Higashiyama gyomotsu (東山御物)
Higashiyama gyomotsu (Higashiyama gomotsu) refers to the paintings, chaki (tea utensils), kaki (flower vase), stationery and other items collected by Yoshimasa ASHIKAGA, the eighth seii taishogun (literally, "great general who subdues the eastern barbarians") of the Muromachi bakufu (Japanese feudal government headed by a shogun). The term 'Higashiyama' was taken from the name of the place Higashiyama where Yoshimasa kept a mountain villa. However, the whole collection of the successive shoguns of the Muromachi bakufu is sometimes called 'Higashiyama gyomotsu,' as opposed to the collection of the successive shoguns of the Edo bakufu, which is called 'Ryuei gomotsu' (the works of art for the tea ceremony passed down from the Tokugawa family).
Before the Meiji period, names such as 'Higashiyama dono gyomotsu' (東山殿御物), 'Higashiyama dono no gyomotsu' (東山殿之御物), and 'Higashiyama dono goshoji' (東山殿御所持) were used, and the four-character name 'Higashiyama gyomotsu' (東山御物) came into being during the early Meiji period. According to a theory, the name 'Higashiyama gyomotsu' became familiar largely due to "Sado Zenshu" (complete collection of Japanese tea ceremony) published by Sogensha (in 1936).
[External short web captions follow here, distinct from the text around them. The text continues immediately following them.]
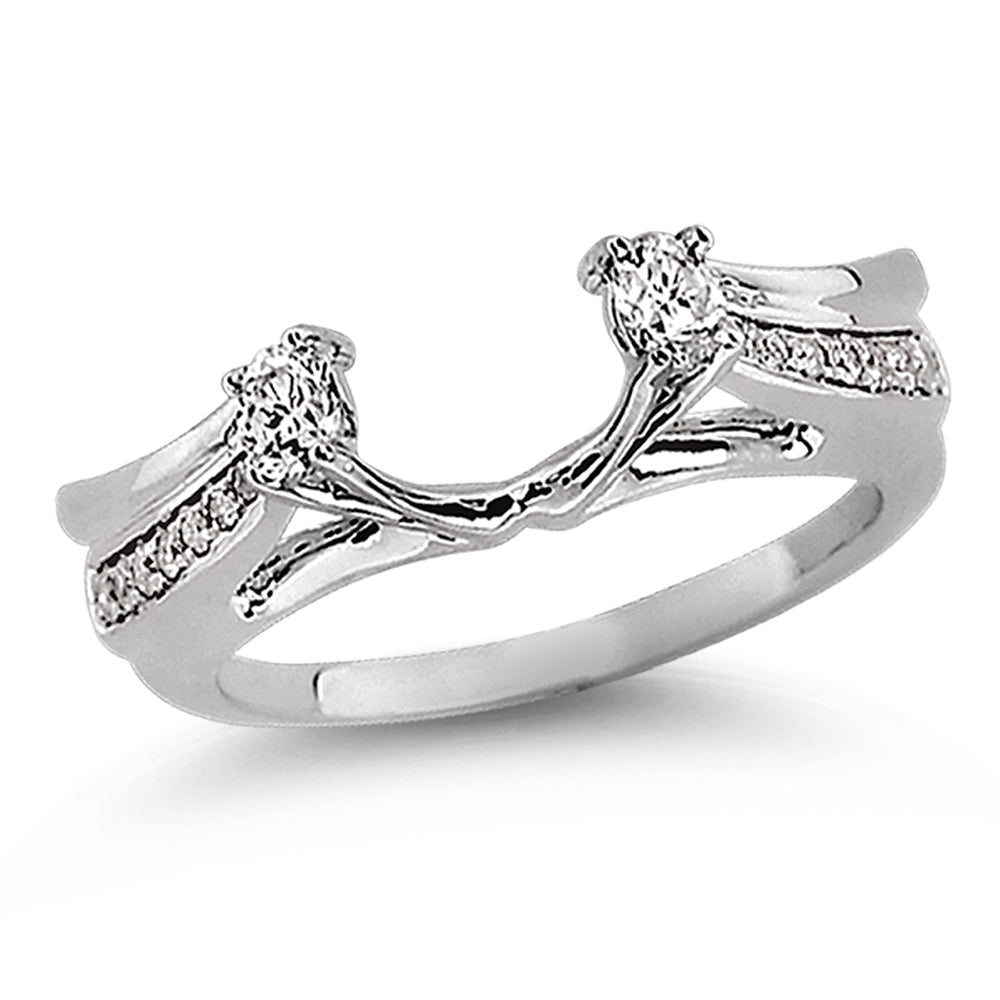 Elegant 14k White Gold 0.33CT Lab Diamond Ring Guard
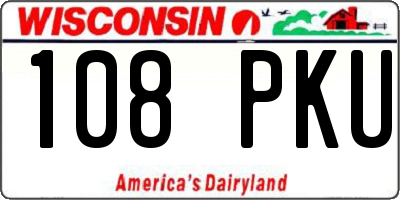 WI license plate 108PKU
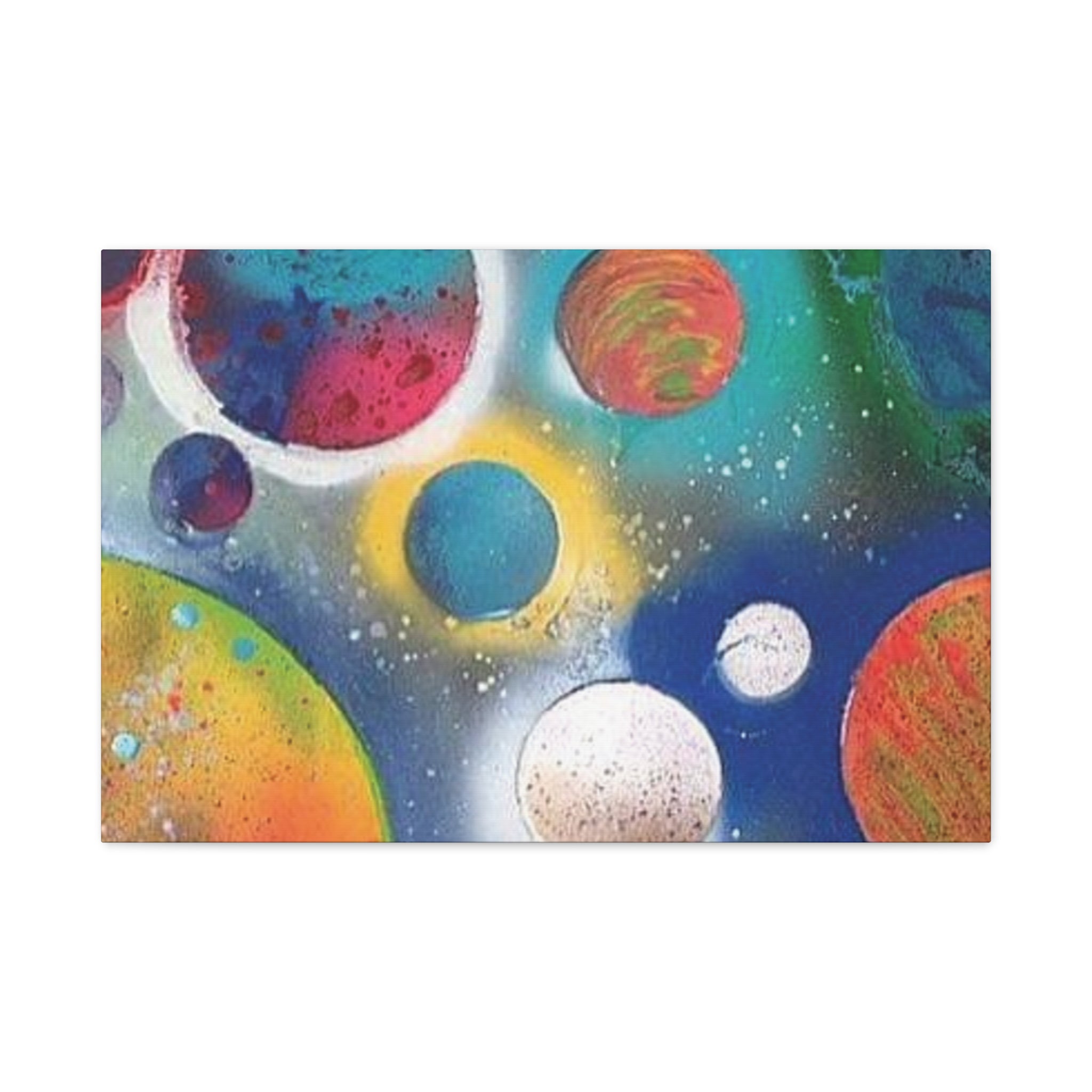 Galaxy Planets Art Print Matte Canvas
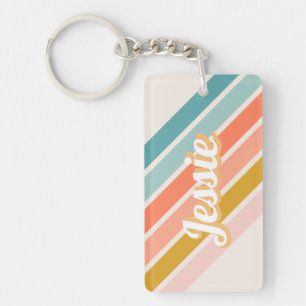 Porte-clefs Retro Pastel Rainbow Nom personnalisé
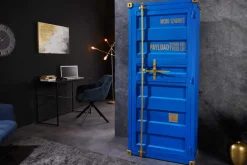 Design Aktenschrank GLOBETROTTER 180cm blau Eisen Container Upcycling Industrial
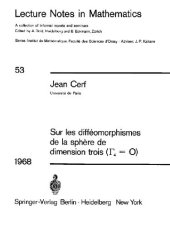 book Sur les diffeomorphismes de la sphere de dimension trois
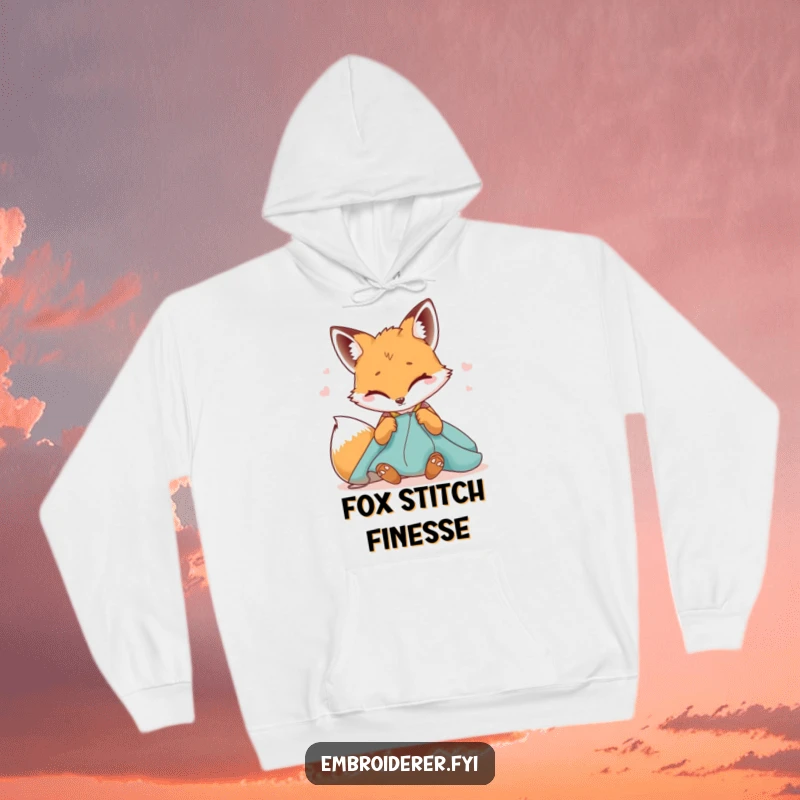 Funny hoodie showcasing a winking fox sewing fabric, offering warmth and a humorous, sly touch for crafters.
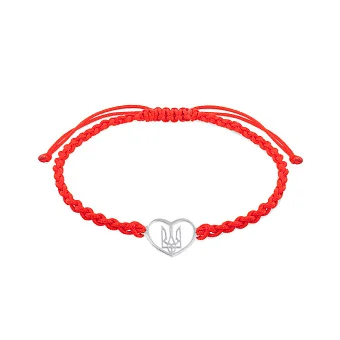 Браслет ТРизуб на шовковій нитці зі срібною вставкою для дітей (арт. Х340061кд)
As the successive shoguns including Yoshimitsu ASHIKAGA (Yoshimasa's grandfather) and Yoshinori ASHIKAGA (Yoshimasa's father) had a strong taste for Karamono (things imported from China), they collected Chinese paintings (Karamono) of Sung (dynasty), Yuan (dynasty), etc., through trade between Japan and the Ming Dynasty, and the paintings were affixed with the seal of Kanzo in (a collector's seal, which was impressed on Sung and Yuan period paintings) such as 'Tenzan' and 'Doyu'
During the period of reign of Yoshimasa, Noami, the doboshu (the shogun's attendants in charge of entertainment), who was responsible for the maintenance and appraisal of Karamono, compiled 'Gomotsu One Mokuroku' (an inventory of selected Chinese paintings in the Ashikaga collection) (280 sets, owned by Tokyo National Museum), sorting the works by materials and styles, and recording the names of the painters, the subjects of the paintings and sanja (person who appreciates the work and writes appraisal in it). Noami also wrote "Kumidaikansochoki' (book of secrets about zashiki-kazari or decorations of a room or study with shoin - one of Japan's most important residential architectural styles, established during the Momoyama era).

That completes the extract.